[Exercise prompt] Retype, word for word, each line between the lines holding "Villa Casanova" and "锁骨花纹身图片_肩部纹身图案", inclusive, and leave the rest of the data alone.
= Beginning of Section =
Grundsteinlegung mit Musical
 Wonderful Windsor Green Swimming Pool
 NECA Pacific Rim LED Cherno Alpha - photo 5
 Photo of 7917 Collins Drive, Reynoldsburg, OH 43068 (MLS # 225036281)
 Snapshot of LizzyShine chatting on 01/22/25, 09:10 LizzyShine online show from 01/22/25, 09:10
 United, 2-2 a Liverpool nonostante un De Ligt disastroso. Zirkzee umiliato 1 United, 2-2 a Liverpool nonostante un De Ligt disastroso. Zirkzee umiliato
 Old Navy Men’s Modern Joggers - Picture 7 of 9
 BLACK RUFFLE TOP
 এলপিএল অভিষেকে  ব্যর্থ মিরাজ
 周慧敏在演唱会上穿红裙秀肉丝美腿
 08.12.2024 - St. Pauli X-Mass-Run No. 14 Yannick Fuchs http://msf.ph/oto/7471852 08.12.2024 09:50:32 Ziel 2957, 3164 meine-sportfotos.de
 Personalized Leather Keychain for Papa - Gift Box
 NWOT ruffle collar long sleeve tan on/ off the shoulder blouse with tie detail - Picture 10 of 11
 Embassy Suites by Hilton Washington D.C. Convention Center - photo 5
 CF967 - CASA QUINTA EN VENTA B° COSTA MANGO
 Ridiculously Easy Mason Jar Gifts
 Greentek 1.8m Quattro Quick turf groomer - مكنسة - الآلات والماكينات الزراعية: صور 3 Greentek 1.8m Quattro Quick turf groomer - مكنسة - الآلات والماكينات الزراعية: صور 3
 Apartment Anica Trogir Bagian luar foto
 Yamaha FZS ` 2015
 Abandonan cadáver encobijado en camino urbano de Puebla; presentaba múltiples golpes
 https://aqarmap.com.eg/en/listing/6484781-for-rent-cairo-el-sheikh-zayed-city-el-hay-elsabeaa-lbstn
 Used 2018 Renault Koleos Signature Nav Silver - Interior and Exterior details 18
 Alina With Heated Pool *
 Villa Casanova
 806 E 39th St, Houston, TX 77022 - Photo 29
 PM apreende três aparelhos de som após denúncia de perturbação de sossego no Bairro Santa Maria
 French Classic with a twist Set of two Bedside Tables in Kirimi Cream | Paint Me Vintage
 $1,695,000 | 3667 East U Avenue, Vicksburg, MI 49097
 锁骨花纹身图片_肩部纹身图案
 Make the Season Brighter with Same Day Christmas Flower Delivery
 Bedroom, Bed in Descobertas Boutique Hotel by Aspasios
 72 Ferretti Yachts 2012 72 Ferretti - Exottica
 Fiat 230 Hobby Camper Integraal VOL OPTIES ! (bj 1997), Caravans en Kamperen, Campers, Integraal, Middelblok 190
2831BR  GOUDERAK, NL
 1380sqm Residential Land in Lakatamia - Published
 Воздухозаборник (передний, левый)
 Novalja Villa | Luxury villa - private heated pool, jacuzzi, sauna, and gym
= End of Section =
[Output below]
 Villa Casanova
 806 E 39th St, Houston, TX 77022 - Photo 29
 PM apreende três aparelhos de som após denúncia de perturbação de sossego no Bairro Santa Maria
 French Classic with a twist Set of two Bedside Tables in Kirimi Cream | Paint Me Vintage
 $1,695,000 | 3667 East U Avenue, Vicksburg, MI 49097
 锁骨花纹身图片_肩部纹身图案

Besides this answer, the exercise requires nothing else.